The invention relates to a method for controlling a steering actuator according to the preamble of claim 1. The invention also relates to a steering system for carrying out such a method.

The state of the art is in particular the DE 10 2017 204 688 A1 and the DE 10 2013 011 820 A1 pointed out, each showing a generic method.

It has been found that during rapid, sustained steering movements at low driving speeds or when the vehicle is stationary, the increased energy requirement of an electrically actuated steering system in a motor vehicle can lead to undesirably high heating and loading of the vehicle electrical system.

The undesirably high level of heating can lead to accelerated wear of certain components of the steering system, causing additional costs. The load on the vehicle electrical system can lead to a reduction in the on-board voltage and thus impair the functionality of other electrical consumers and actuators.

The object of the invention is therefore to provide a method for controlling a steering actuator and a steering system that prevents premature wear of the steering system due to thermal stress and impairment of other electrical consumers and actuators.

The object is achieved according to the invention by a method for controlling a steering actuator with the features of claim 1. Advantageous developments result from the dependent claims.
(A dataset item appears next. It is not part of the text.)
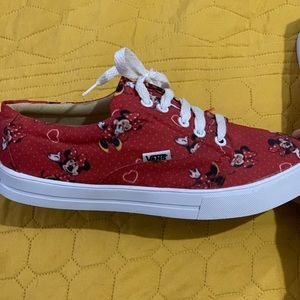 Red Tennis shoes Minnie Mouse Love ❤️ ❤️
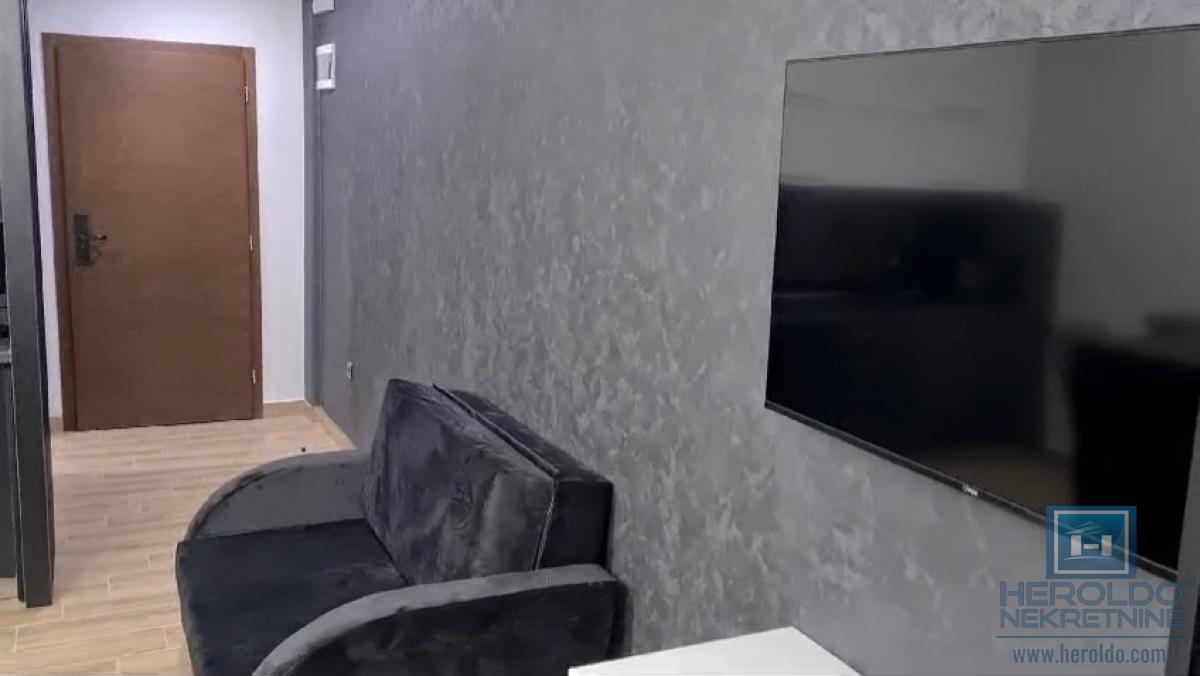 Ekskluzivani apartman na Kopaoniku povoljna ponuda 16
• - Bestimmen einer Lenkwinkeländerung des wenigstens einen Rads;
• - Ermitteln einer kumulierten Lenkwinkeländerung basierend auf der Lenkwinkeländerung, wobei die Lenkwinkeländerung oder eine gewichtete Lenkwinkeländerung betragsmäßig aufsummiert wird, um die kumulierte Lenkwinkeländerung zu ermitteln;
• - Ermitteln eines Reduktionsfaktors basierend auf der kumulierten Lenkwinkeländerung;
• - Ermitteln eines vorläufigen Lenkwinkelsollwerts oder eines vorläufigen Lenkungsdrehmomentsollwerts für den Lenkungsaktuator; und
• - Vermindern des vorläufigen Lenkwinkelsollwerts oder des vorläufigen Lenkungsdrehmomentsollwerts basierend auf dem ermittelten Reduktionsfaktor, wodurch ein skalierter Lenkwinkelsollwert bzw. ein skalierter Lenkungsdrehmomentsollwert für den Lenkungsaktuator erhalten wird.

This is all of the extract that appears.